Little chance of rain
Resident weatherman Garth Sampson said the prospects of rain are low right now.
“We are at the height of summer — the driest part of the year in Nelson Mandela Bay… we are lucky if we get a few showers.”
Sampson said, traditionally, the area received rain from March to November, with most falling during winter.
For Nelson Mandela Bay to get out of its current precarious situation, 50mm of rain must fall in 24 hours over the Langkloof, the catchment area for the dams.
The metro has invested R1.2-billion in water augmentation projects to mitigate the drought.
Odendaal said that if Phase 3 of the Nooitgedacht Water Scheme (bringing water from the Orange River) had been finished in time, dam levels would have looked more encouraging.

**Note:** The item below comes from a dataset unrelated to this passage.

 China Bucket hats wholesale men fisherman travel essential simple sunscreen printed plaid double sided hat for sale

Phase 3 was financed by the national government and was beset by problems. In its final stages, payment delays to contractors had hampered the commissioning of the project for months, at a time when the city’s water shortage had already reached critical levels.

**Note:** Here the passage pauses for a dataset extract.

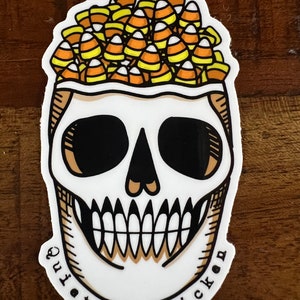 May include: A white skull sticker with a black outline and a toothy grin. The skull is filled with yellow and orange candy corn and the text "Quit at down chicken" is written around the bottom.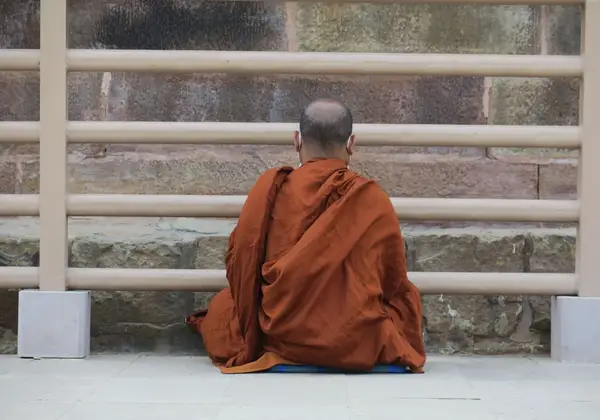 A monk seated in meditation before a temple wall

Now that Phase 3 has been completed, Nooitgedacht will be a crucial factor in the city’s survival if the dams fail. But even so, it will take until October to get the upgraded pumps installed and running.
Combined dam levels are currently standing at 8.8%.
The Impofu Dam, the biggest dam from which the city extracts its water, is at its lowest level in history, with only 1% of useable water left.
In 2022, just as access to the dams was about to be cut off due to low levels, it finally rained, pushing dam levels into a safer zone. “A miracle happened then,” Odendaal said.
Odendaal said they were preserving the water in another of the dams, the Churchill Dam, which now holds about eight million litres of water. However, any attempts at extraction would be hampered by rolling blackouts of up to six hours a day.
He congratulated the city’s water directors, Joseph Tsatsire and Barry Martin, for keeping the water flowing throughout December and early January — a bumper tourism season for the metro.
“It wasn’t easy,” he said. “They excelled under difficult circumstances.”
“The thing is,” Odendaal said, “Nelson Mandela Bay should have water security. The Nooitgedacht Scheme is a lifeline. Without water, it will be challenging to attract investment to the city.”
He said the metro’s council had approved the commissioning of a water services plan and that the Department of Water and Sanitation would assist.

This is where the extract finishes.